*** Source material Section Begins ***

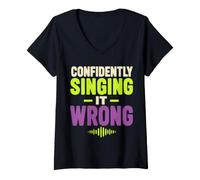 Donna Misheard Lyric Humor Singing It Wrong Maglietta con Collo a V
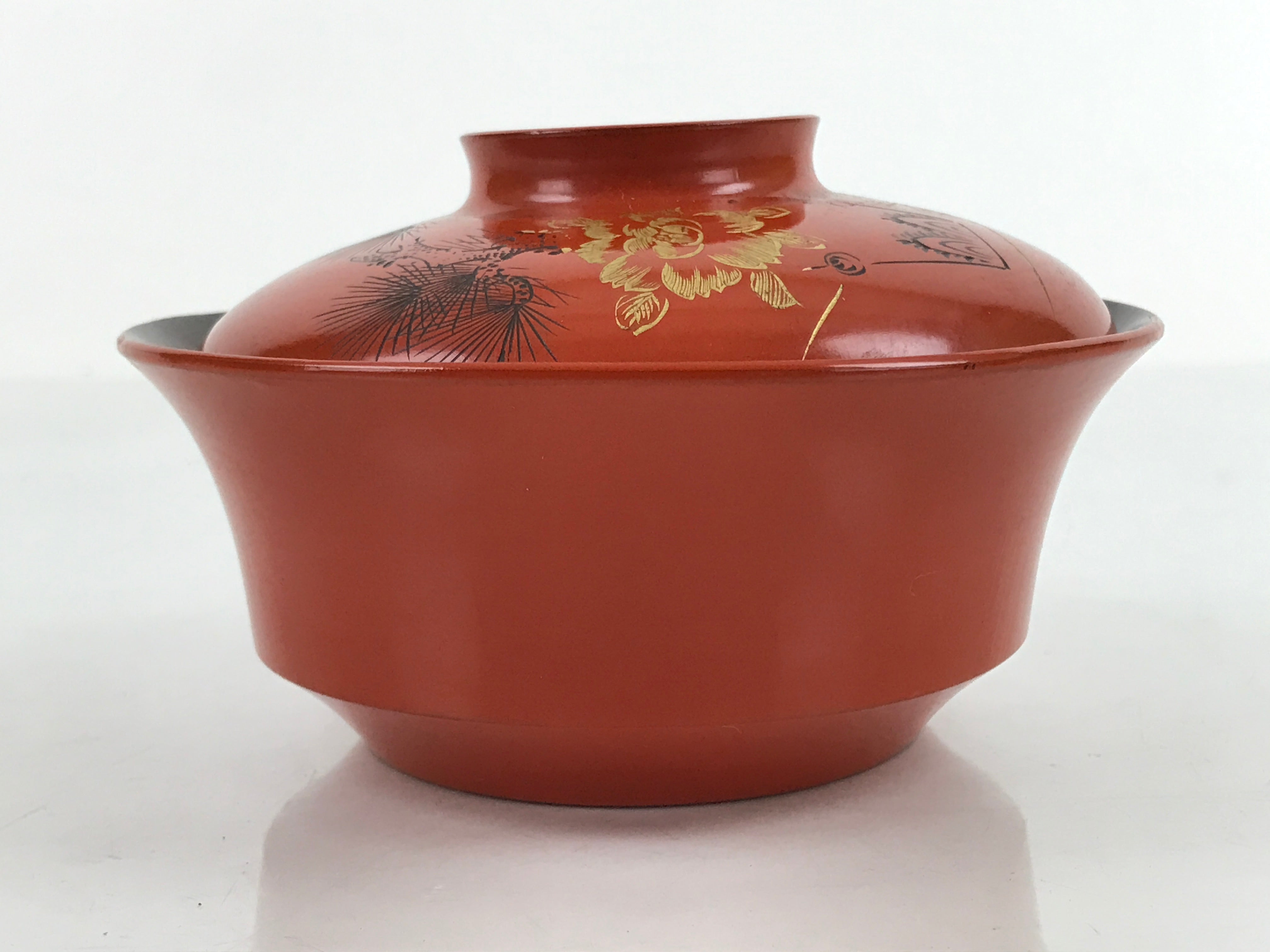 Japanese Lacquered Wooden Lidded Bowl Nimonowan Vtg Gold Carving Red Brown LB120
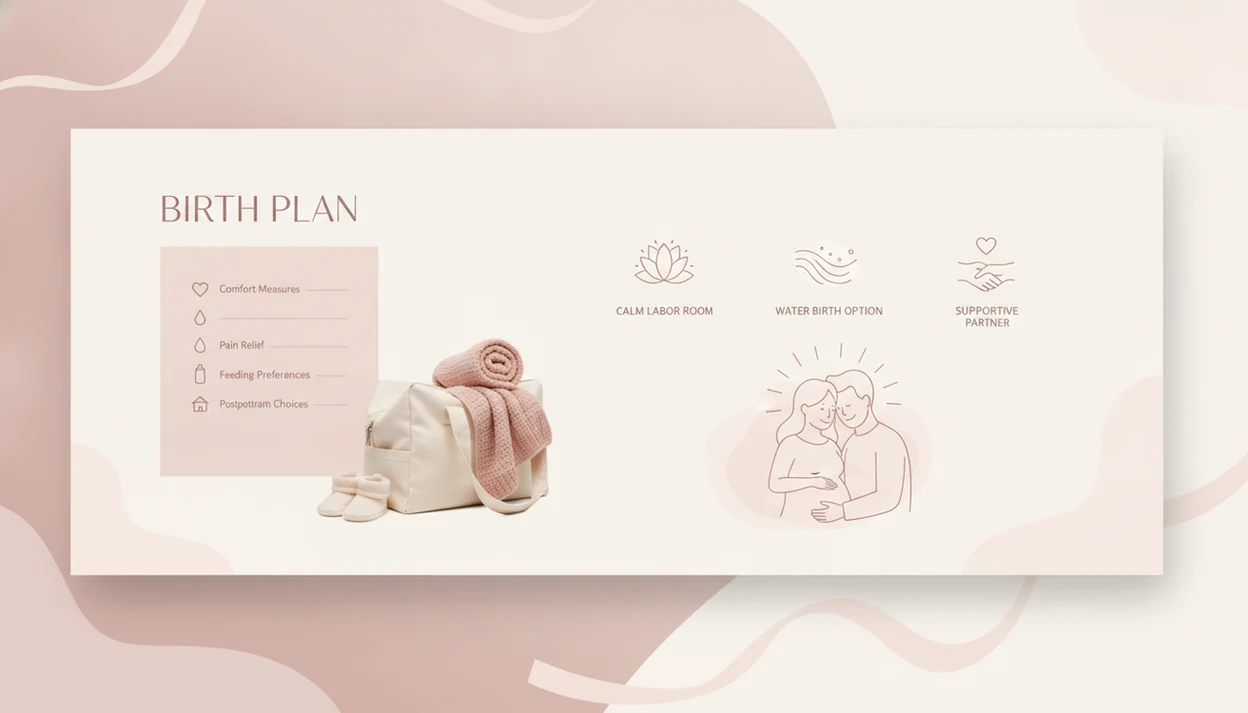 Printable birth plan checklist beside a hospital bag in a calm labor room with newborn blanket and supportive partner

*** Source material Section Ends ***

**Goal of the exercise:** Output the data exactly. Leave every picture out.

**Answer box:**
 Donna Misheard Lyric Humor Singing It Wrong Maglietta con Collo a V
 Japanese Lacquered Wooden Lidded Bowl Nimonowan Vtg Gold Carving Red Brown LB120
 Printable birth plan checklist beside a hospital bag in a calm labor room with newborn blanket and supportive partner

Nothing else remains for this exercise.